Charleston is known as The Holy City due to the prominence of churches on the low-rise cityscape, particularly the numerous steeples which dot the city's skyline, and for the fact that it was one of the few cities in the original thirteen colonies to provide religious tolerance to the French Huguenot Church.[5] In fact, it is still the only city in the U.S. with such a church.[6] Charleston was also one of the first colonial cities to allow Jews to practice their faith without restriction. Kahal Kadosh Beth Elohim, founded in 1749, is the fourth oldest Jewish congregation in the continental United States.[7] Brith Sholom Beth Israel is the oldest Orthodox synagogue in the South, founded by Ashkenazi (German and central European) Jews in the mid 19th century.[8]

The population was estimated to be 118,492 in 2007, making it the second most populous city in South Carolina, closely behind the state capital Columbia.[9] Current trends put Charleston as the fastest-growing municipality in South Carolina.

The city of Charleston is located just south of the mid-point of South Carolina's coastline, at the confluence of the Ashley and Cooper Rivers.
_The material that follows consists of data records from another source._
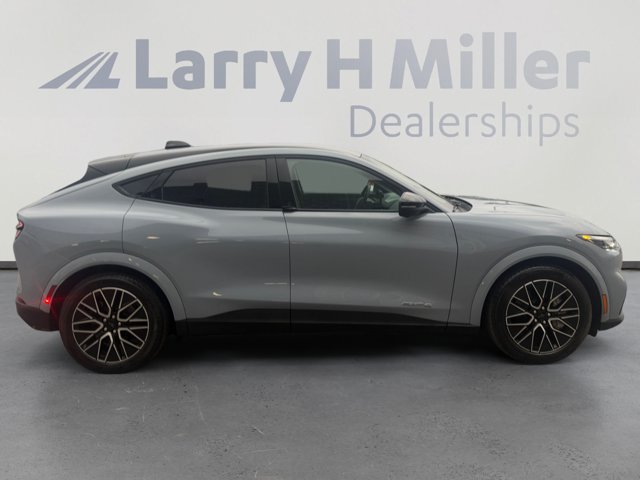 Certified 2025 Ford Mustang Mach-E Premium AWD/4WD image 6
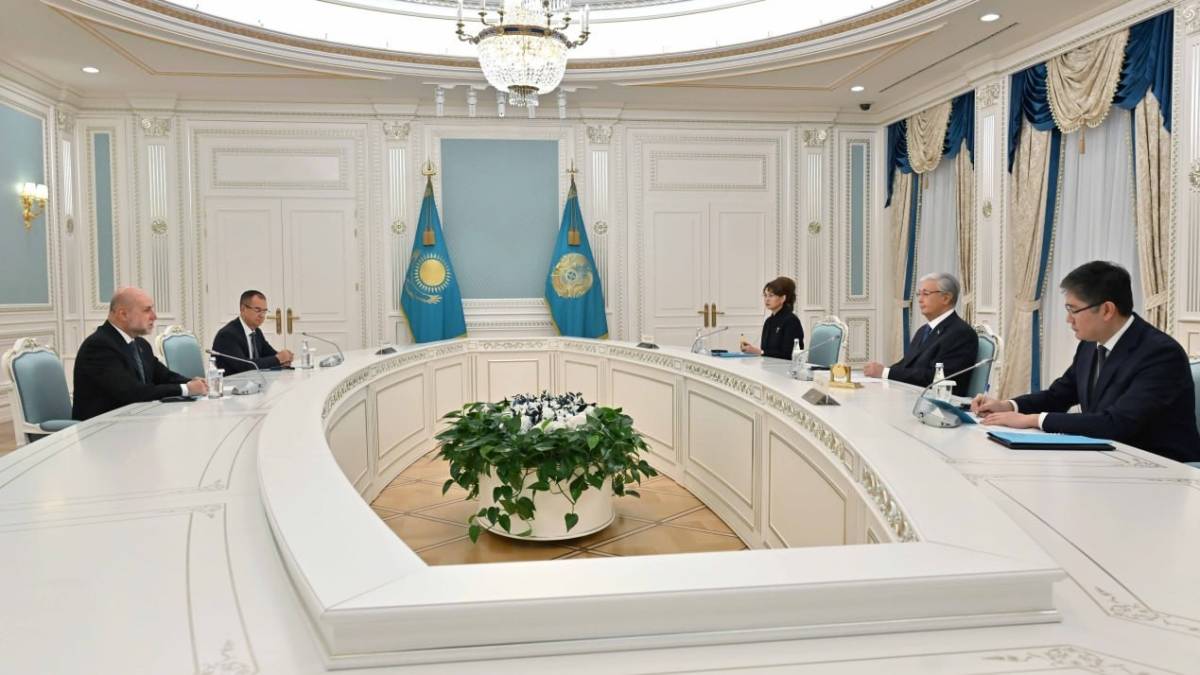 Тоқаев Палестина Президентін Қазақстанға ресми сапармен келуге шақырды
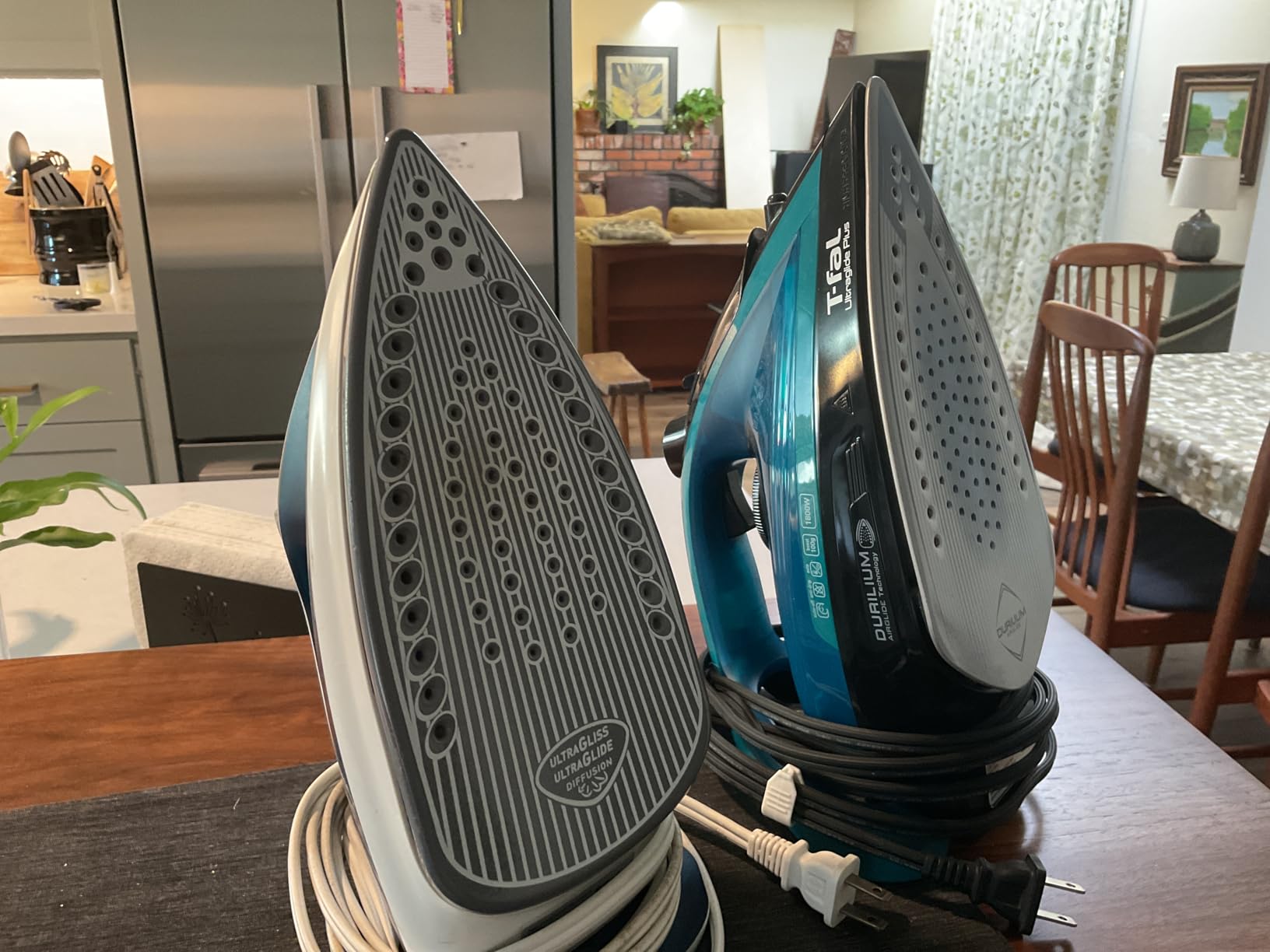 T-Fal Ultraglide Steam Iron for Clothes Durilium Soleplate, Precision Tip customer photo 1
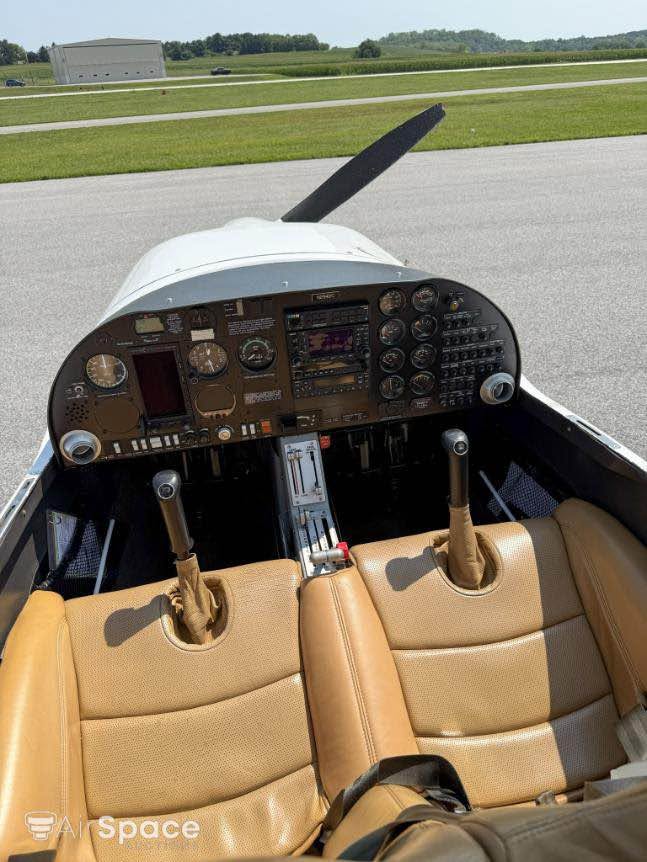 2008 Diamond DA 20-C1, photo 7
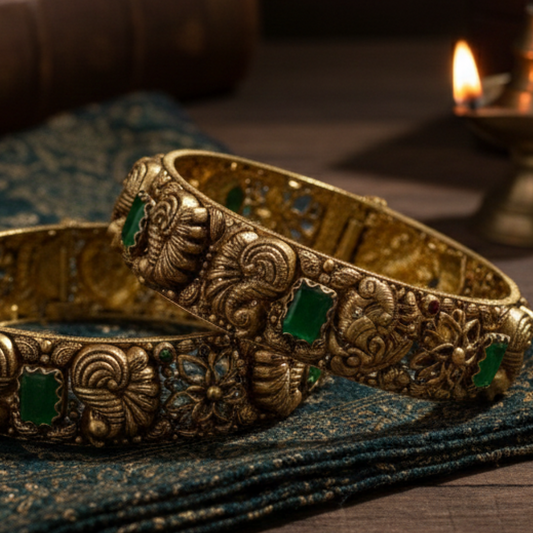 Screwed Elegant Bangles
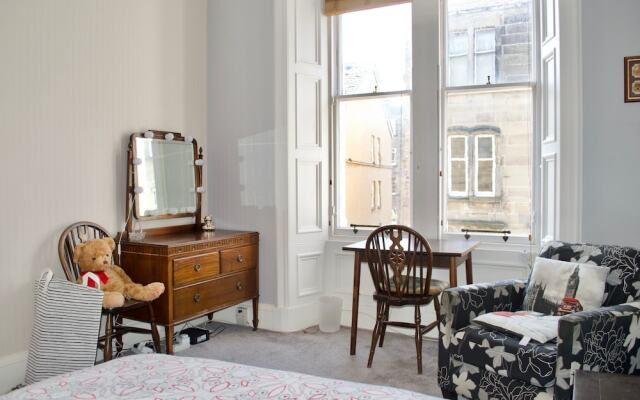 Beautiful 2 Bedroom Flat In Leith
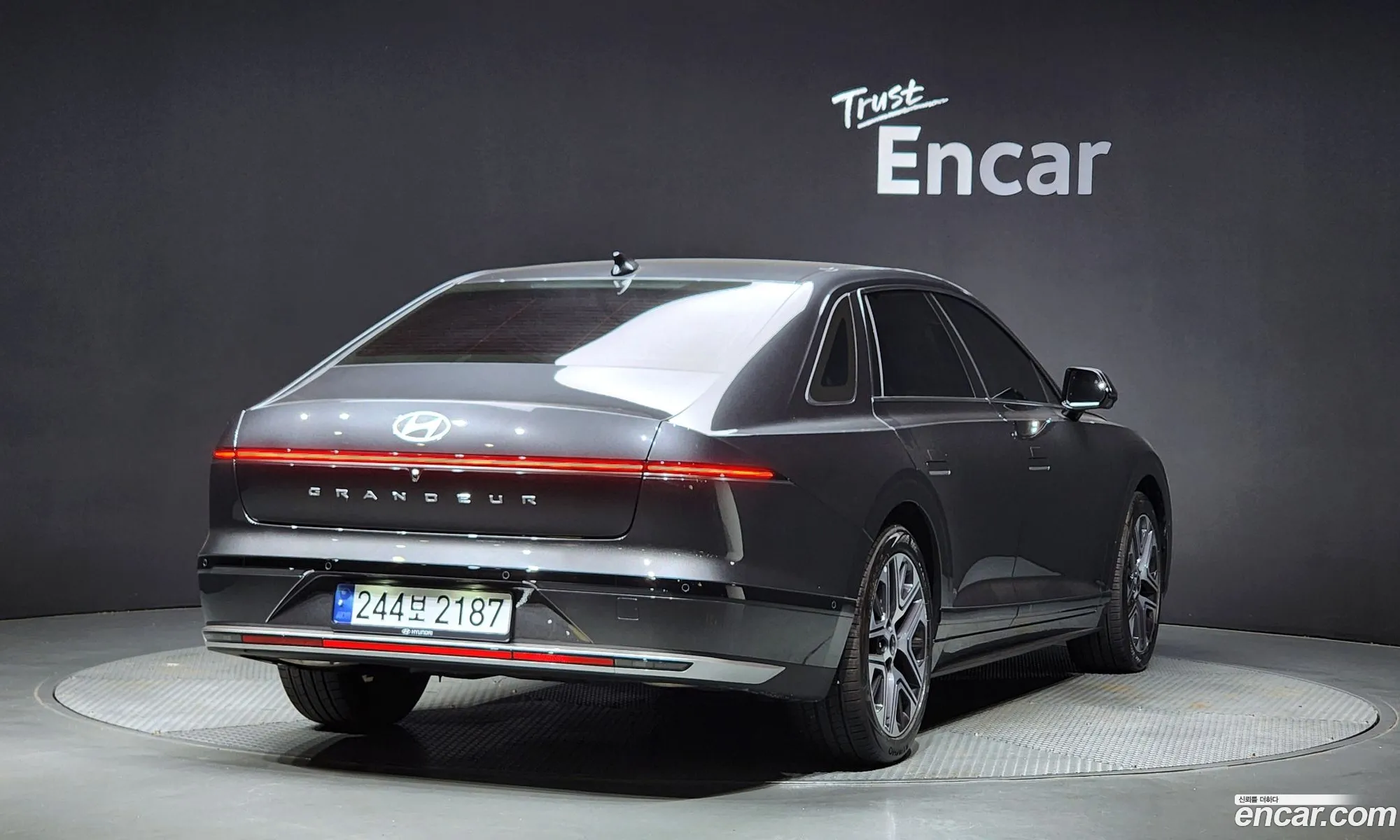 Hyundai Grandeur Hybrid 2024 — 8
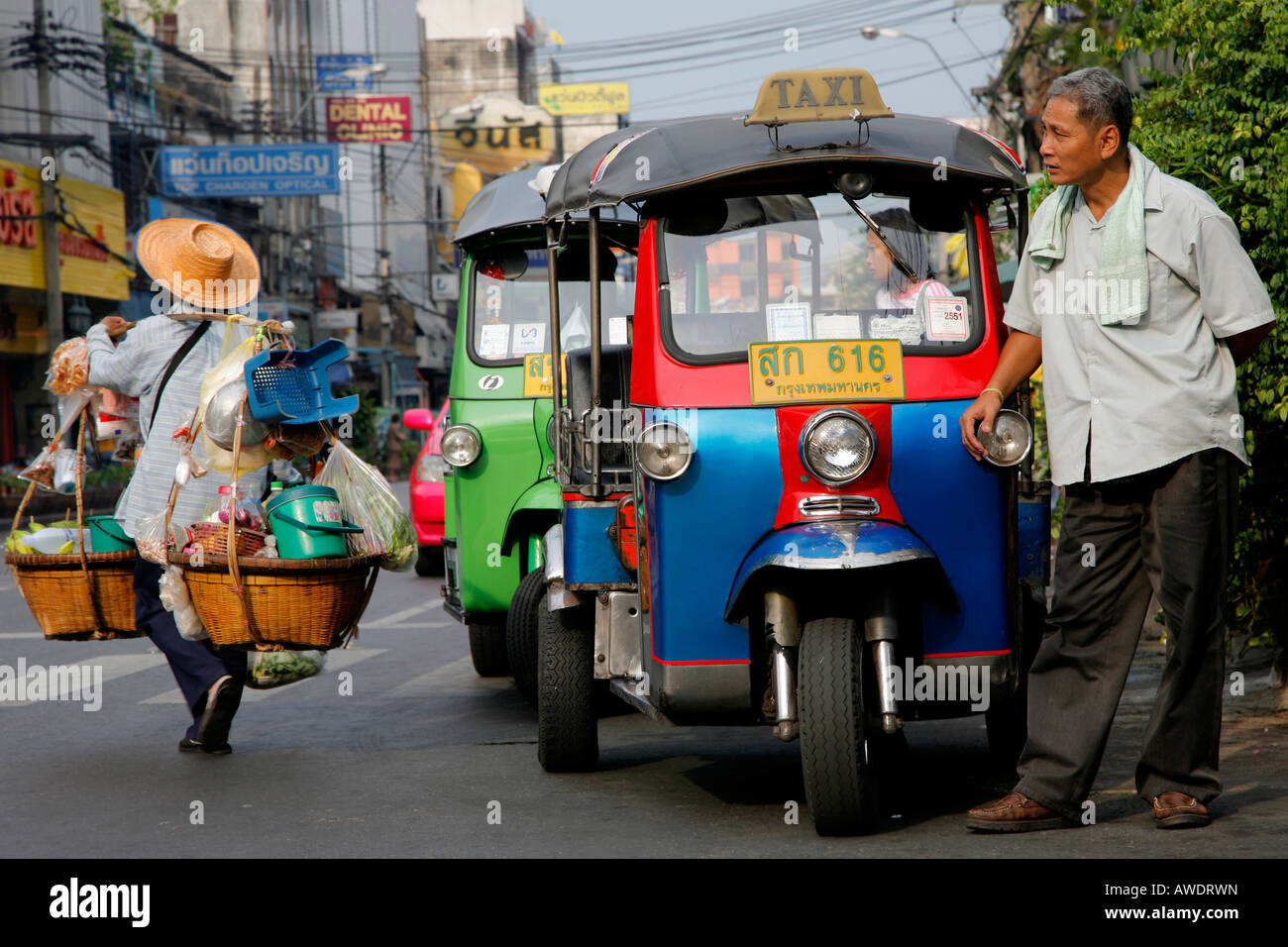 Tuk Tuk avec chauffeur et vendeur sur la rue pasing Khaosan Road Bangkok Banque D'Images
Charleston's name is derived from Charles Towne, named after King Charles II of England.

America's most-published etiquette expert, Marjabelle Young Stewart, recognized Charleston 1995 as the "best-mannered" city in the U.S,[10] a claim lent credibility by the fact that it has the first established Livability Court in the country.



Colonial period: 1670-1776

After Charles II of England (1630-1685) was restored to the British throne following Oliver Cromwell's Protectorate, he granted the chartered Carolina territory to eight of his loyal friends, known as the Lords Proprietors, in 1663. It took seven years before the Lords could arrange for settlement, the first being that of Charles Town. The community was established by English settlers in 1670 on the west bank of the Ashley River, a few miles northwest of the present city. It was soon chosen by Anthony Ashley-Cooper, one of the Lords Proprietors, to become a "great port towne", a destiny which the city fulfilled.

Homes along The Battery.

The settlement was often subject to attack from sea and from land. Periodic assaults from Spain and France, who still contested England's claims to the region, were combined with resistance from Native Americans, as well as pirate raids. While the earliest settlers primarily came from England, colonial Charleston was also home to a mixture of ethnic and religious groups. French, Scottish, Irish, and Germans migrated to the developing seacoast town, representing numerous Protestant denominations, as well as Roman Catholicism and Judaism. Sephardic Jews migrated to the city in such numbers that Charleston eventually was home to, by the beginning of the 19th century and until about 1830, the largest and wealthiest Jewish community in North America[11]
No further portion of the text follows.